DFS expects issuers and providers to fully cooperate in implementing the expansion of coverage for transitional care introduced by the NSA. This includes the provisions of the NSA that require issuers to cover continuing care when an insured is pregnant and undergoing a course of treatment for the pregnancy, without the requirement that the pregnancy be in the second trimester at the time of the provider’s disaffiliation or termination, as applicable. Also, issuers should educate their participating providers regarding their obligations under the NSA to accept payments related to continuing care, as described above.

Additionally, issuers are reminded that they must continue to comply with New York’s continuity of care requirements when the protections are more expansive than the protections afforded under the NSA. Specifically, when insureds do not qualify as continuing care patients under the NSA, but are in an ongoing course of treatment with the provider when the provider leaves the issuer’s network, issuers are reminded that the insured has a right to continuity of care pursuant to the Insurance Law and the Public Health Law.
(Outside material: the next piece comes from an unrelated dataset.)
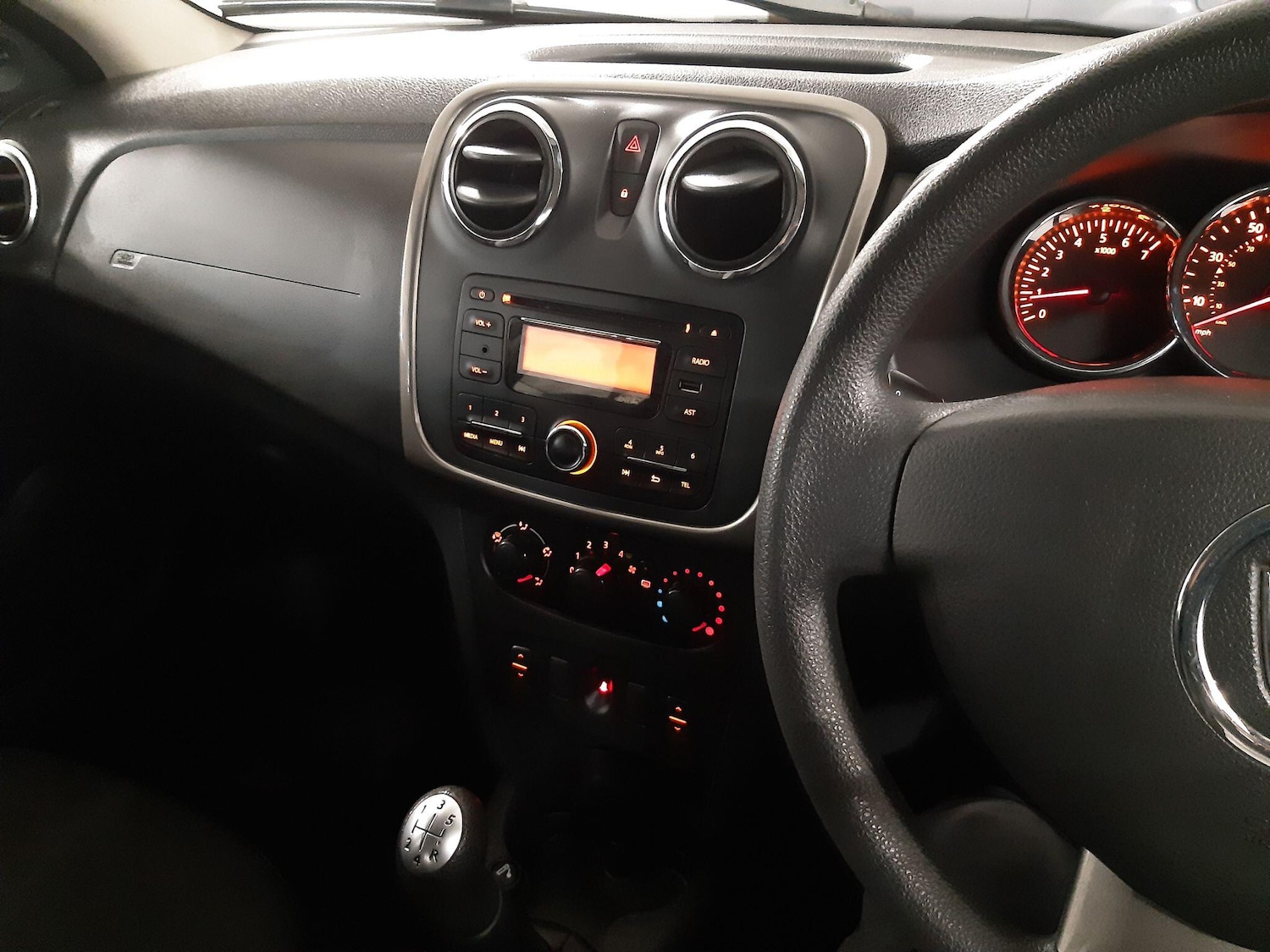 Used Dacia Sandero Stepway 2014 for sale - 76667403: Photo 10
When services relate to continuity of care for a pregnant insured, coverage should be provided for a transitional period that includes the provision of post-partum care directly related to the delivery.

Issuers should review the continuity of care provisions in the NSA, and the continuity of care and extension of benefits requirements in the Insurance Law and the Public Health Law, to ensure compliance with both the state and federal requirements. Issuers are expected to implement the requirements of the NSA using a good faith, reasonable interpretation with regard to the right to transitional care as described in this circular letter.

Please direct any questions regarding this circular letter by email to [email protected].

 

Very truly yours,

 

Lisette Johnson
Chief, Health Bureau


1 86 FR 36872.

2 The continuing care requirements in Insurance Law § 4804(e) and Public Health Law § 4403(6)(e) use the term “provider,” which Insurance Law Article 48 and Public Health Law Article 44 do not define and which is broader than the term “health care professional” that is defined in Insurance Law § 4803(h) and Public Health Law § 4406-d(9) as “a health care professional licensed, registered, or certified pursuant to Education Law Title 8.” The plain meaning of the term “provider” in Insurance Law § 4804(e) and Public Health Law § 4403(6)(e) is not limited to “health care professionals” and therefore includes facilities.

3 11 NYCRR § 52.18(b)(5) also provides with respect to group health insurance coverage that when a health insurance policy is terminated by reason of termination of active employment, an issuer must provide an extended benefit during total disability, with respect to the sickness, injury, or pregnancy that caused the disability, of at least 12 months subsequent to the termination of insurance unless coverage is afforded for the total disability under another group insurance policy.